Friday, May 30, 2008

tonight, tonight

Won't be just any night.

We're rumbling with the Jets and Tony and me are running away...


That's not it.

Tonight, 9:30 at the fabulous People's Improv Theater, the PIT itself, 154 W. 29th Street, 2nd Floor, the multi-talented Matt Oberg (he of the mean streets of Westchester)speaks an hour and five minutes of entirely memorized words in front of whoever shows up. It's The Event, the first public showing of this strange, strange new theater work/thing that I wrote down and asked Matt to learn.

Big fun.

Looks like they're going to do a production of Fatboy on the island of Malta. I was excited until Steve Kovacs told me that the currency in Malta is falcon talons, beaks and feathers. No actual money. Just falcon parts.

Can anyone break a beak?

Thank you.

Dave Calvitto (the dago limey), and his date Katherine (the British teacher from Michigan) forced me to stay up until 2:00 AM last night, pouring whiskey down my throat and insisting that I tell them my deep opinions and cherished beliefs about everything in this here world.

Bad companions. My mother warned me. Just can't trust those wop Brits.

Come to the show tonight or I'll know, finally, that you don't really love me or the American theater or my mother. Or your mother.
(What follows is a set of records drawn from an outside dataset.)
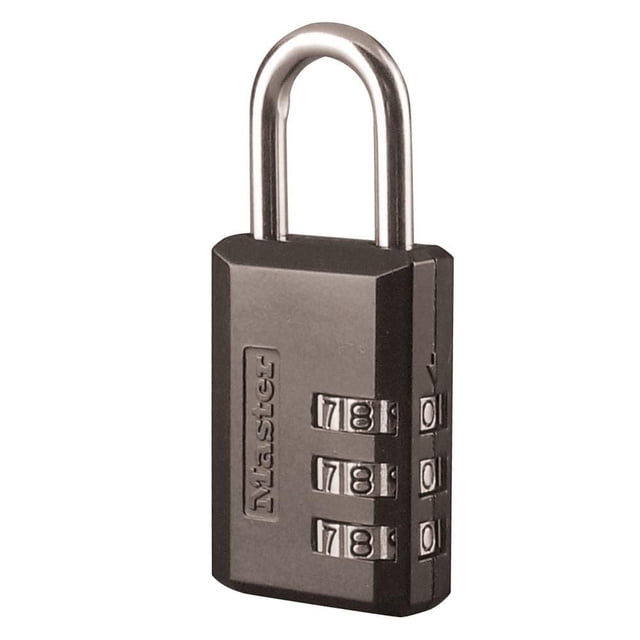 Master Lock 647D Combination Lock with a grey 30mm wide metal body and a 5mm diameter steel shackle, featuring three dials for keyless set-your-own combination security, shown in a front 3/4 view on a white background, ideal for luggage and travel accessories.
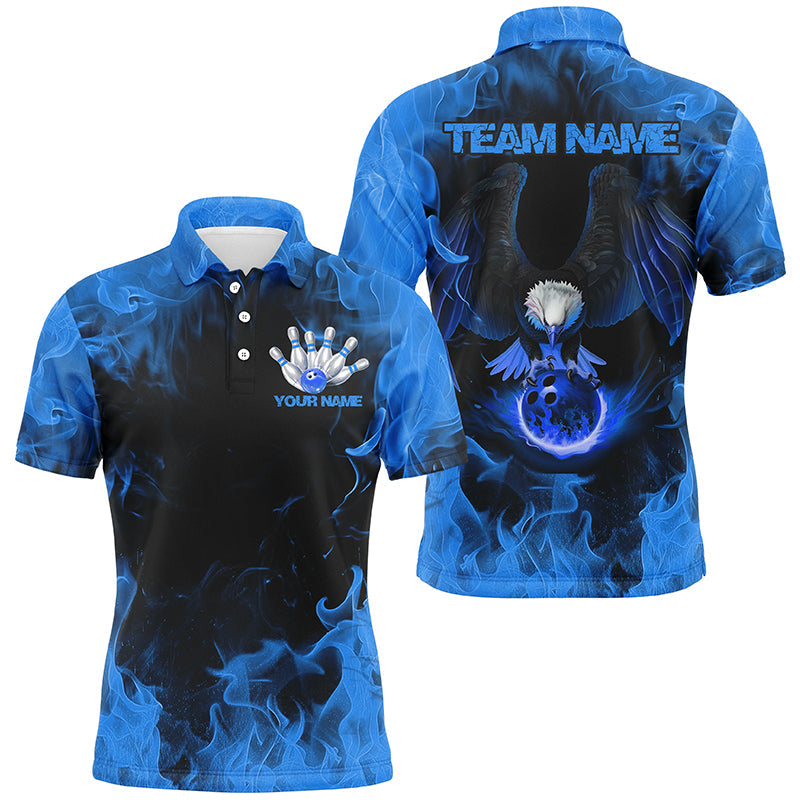Blauer Flammen-Adler-Bowling-Team Shirt für Herren, Feuer-Personalisiertes Bowling-Uniform-Outfit IPHW7117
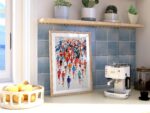 Marathon Colorful Runners Sport in a natural wood frame on a kitchen wall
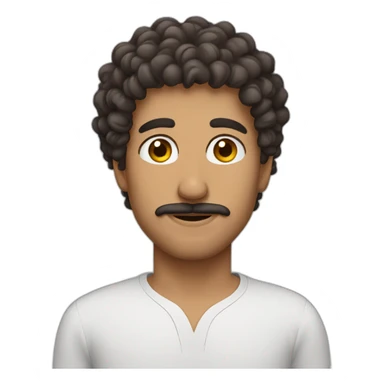 Arabic guy curly hair square jaw mustache sticker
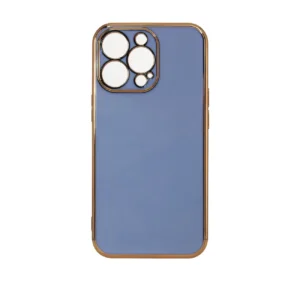 Lighting Color Case for iPhone 12 Pro Max blue gel cover with gold frame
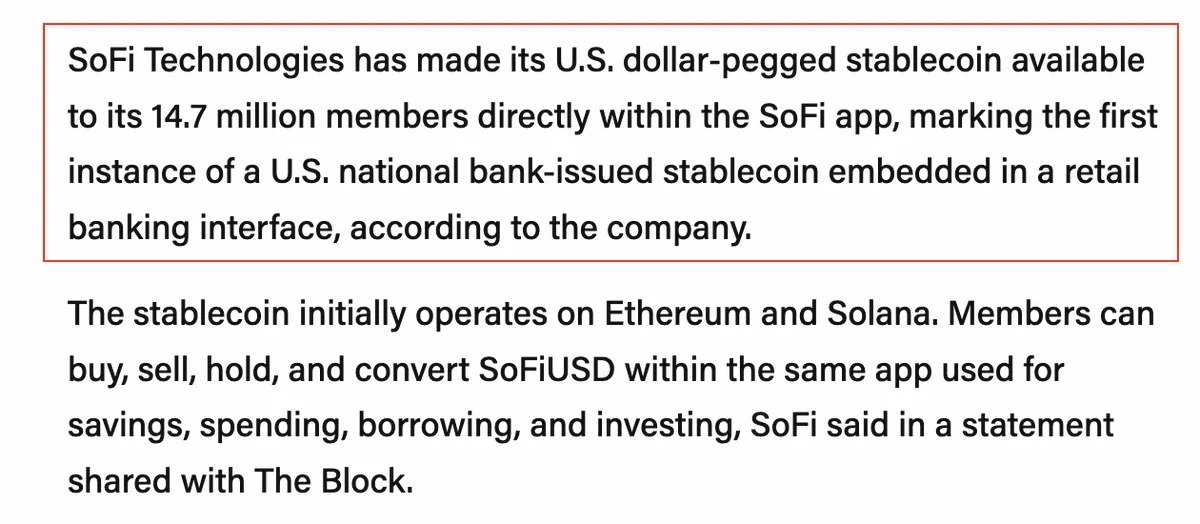 SoFiUSD Goes Live for 14.7M Members — First Bank-Issued…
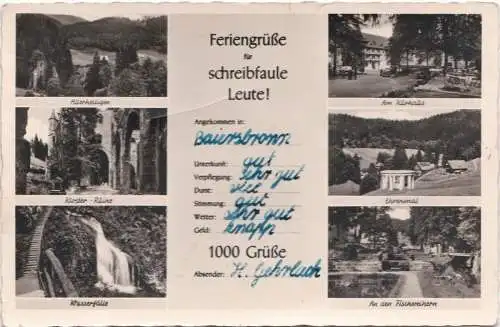 [Ansichtskarte] Feriengrüsse für schreibfaule Leute ! ALLERHEILIGEN, nördl. Hochschwarzwald, 620-900 m ü.M. - 1953. 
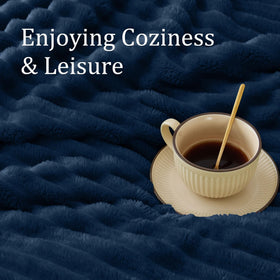 BEDELITE 300GSM navy fleece blanket ready for couch or bed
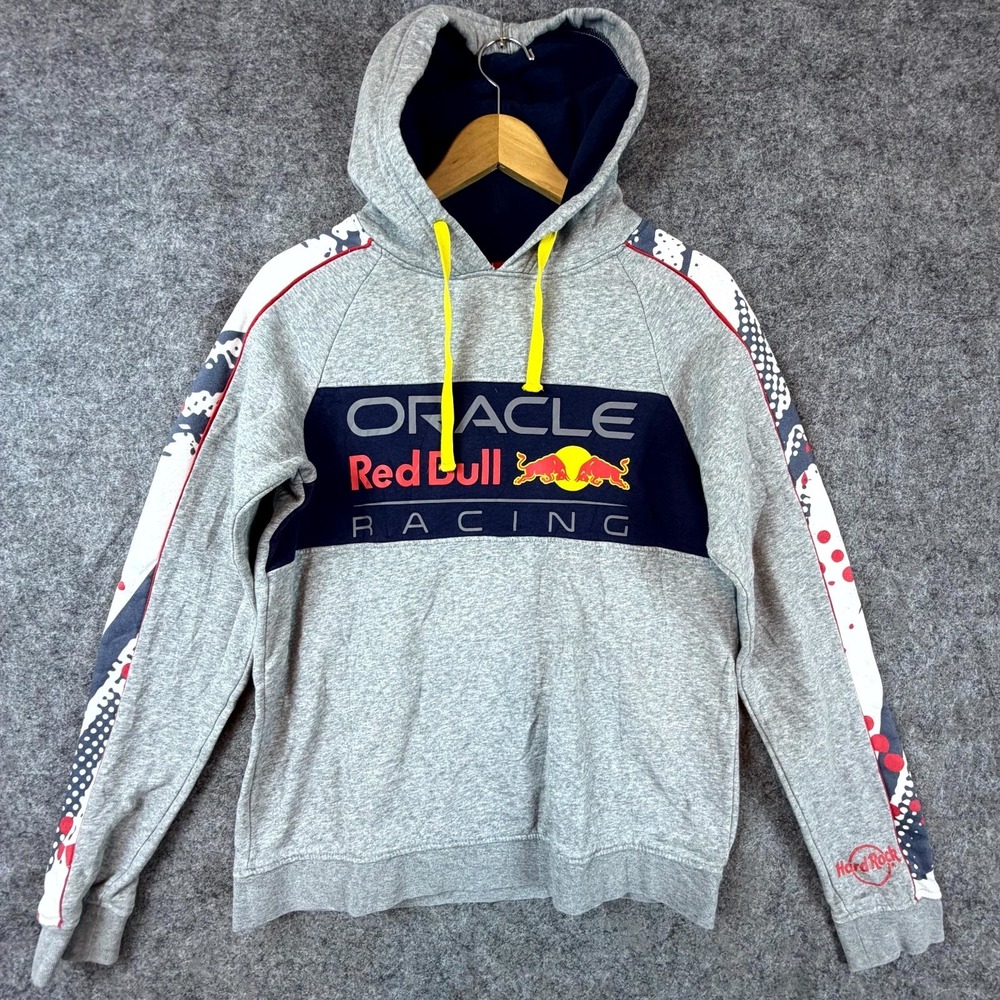 Oracle Red Bull Racing Hoodie Unisex Gray Small Hard Rock F1 Fleece Lined Cotton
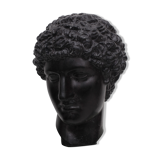 Greek head in waxed black plaster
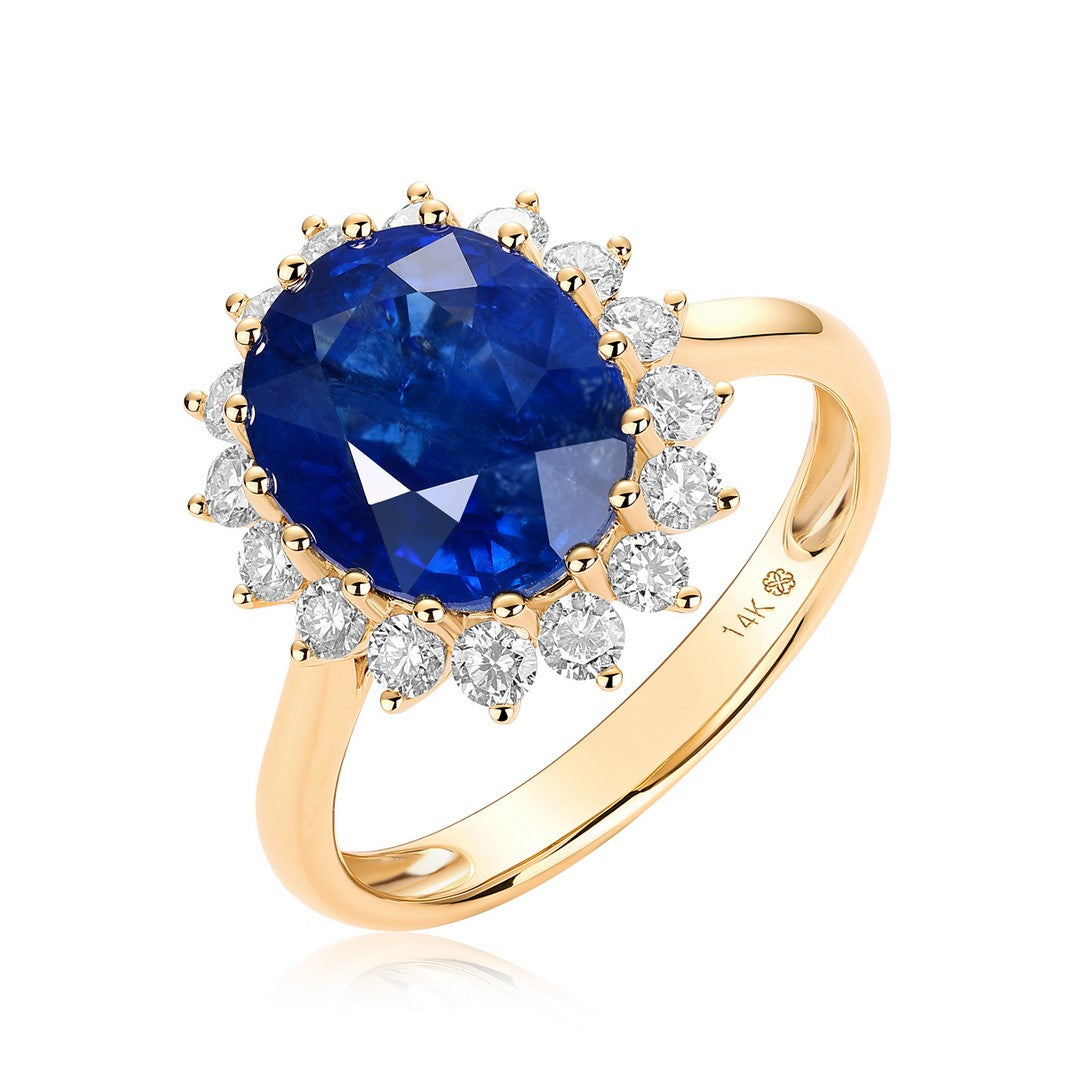 14K Yellow Gold Blue Sapphire Diamond Ring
We're going to stomp those Jets, man.


Ann said...

They made you stay up until 2 a.m.????? Oh, the humanity! Did you tell them the joke about Ed and Bill the horse racing brothers? I'm going to spring that one on Jim while we're walking the dog up the big hill this afternoon.

John said...

Tell Jim the long version. The one you heard was very abbreviated. Punch line works much better if hours have passed.

You're not actually going for a laugh with this one, the real brass ring is the stunned silence, the questioning look, maybe the punch in the arm.

Yeah, 2:00 AM. That's about when you and I got started.

Still hurting, me. Lots of juice and darkened rooms for a few days.

Ann said...

And this is why I'm only invited to visit people once a year or so. Takes about that long to forget how punishing the whole Ann Experience can be if you haven't properly trained for it.

Tell you what, though: that was hands-down the best drunken late night conversation I've had in a good long while. And the soundtrack kicked ass, too. It was worth driving home all squinting and hungover approximately six hours after going to bed.